DATA:
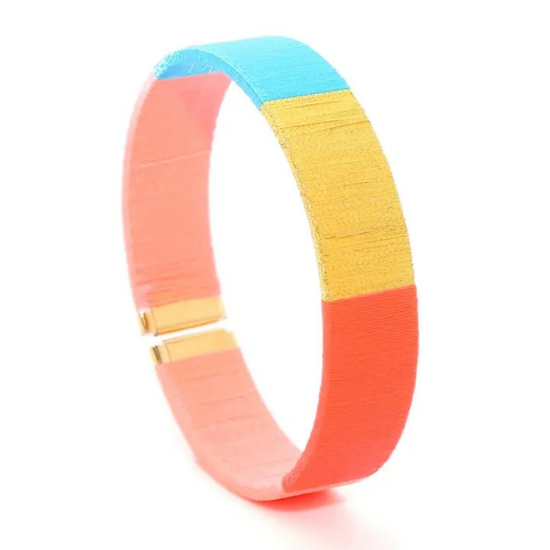 Armband turquoise oranje - conceptstore Liefs uit Zierikzee 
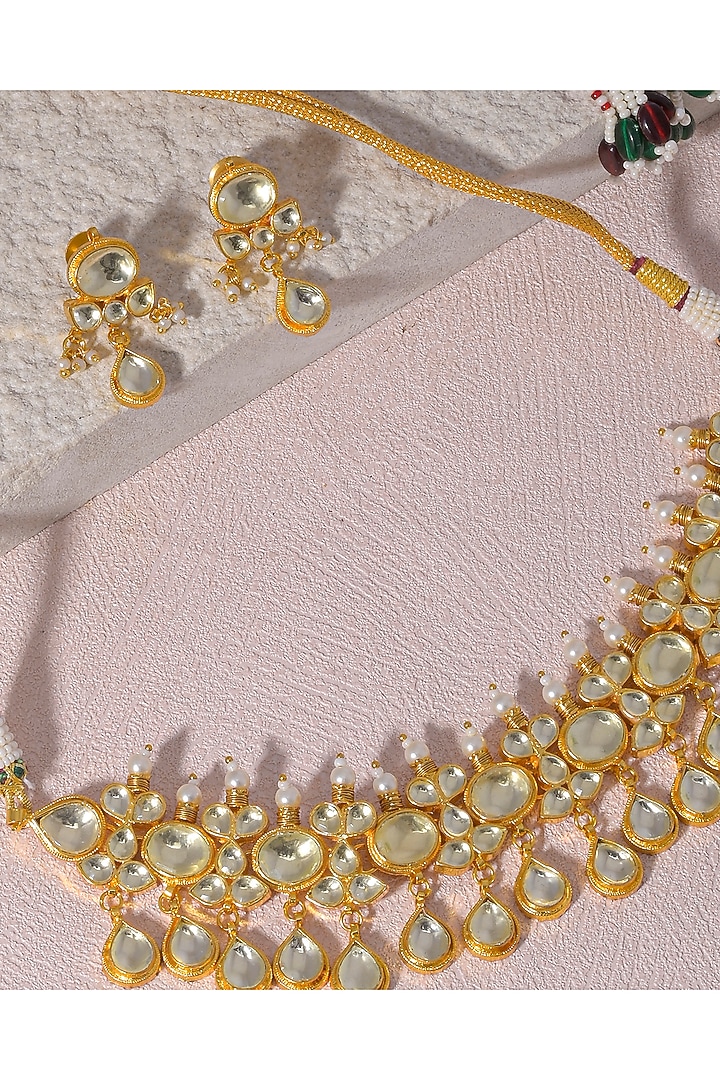 Gold Finish Kundan Polki Choker Necklace Set by Namasya at Pernia's Pop Up Shop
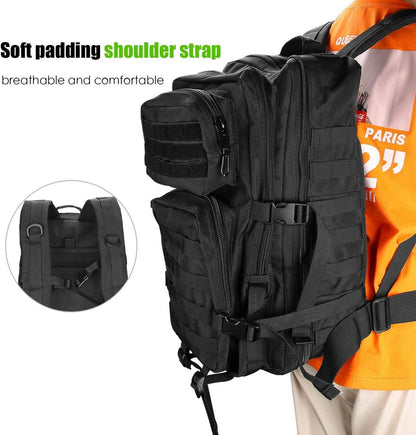 Taktischer Militär Rucksack 40L Große Kapazität Schwarz Outdoor
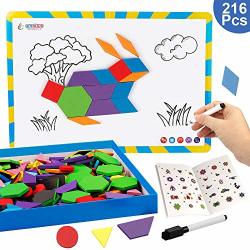 Wooden Travel Tangram Puzzle for Kids, Magnetic Pattern Block Book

TASK OBJECTIVE: Would you copy out the data exactly, leaving every picture out?

REPLY TO THE EXERCISE:
 Armband turquoise oranje - conceptstore Liefs uit Zierikzee 
 Gold Finish Kundan Polki Choker Necklace Set by Namasya at Pernia's Pop Up Shop
 Taktischer Militär Rucksack 40L Große Kapazität Schwarz Outdoor
 Wooden Travel Tangram Puzzle for Kids, Magnetic Pattern Block Book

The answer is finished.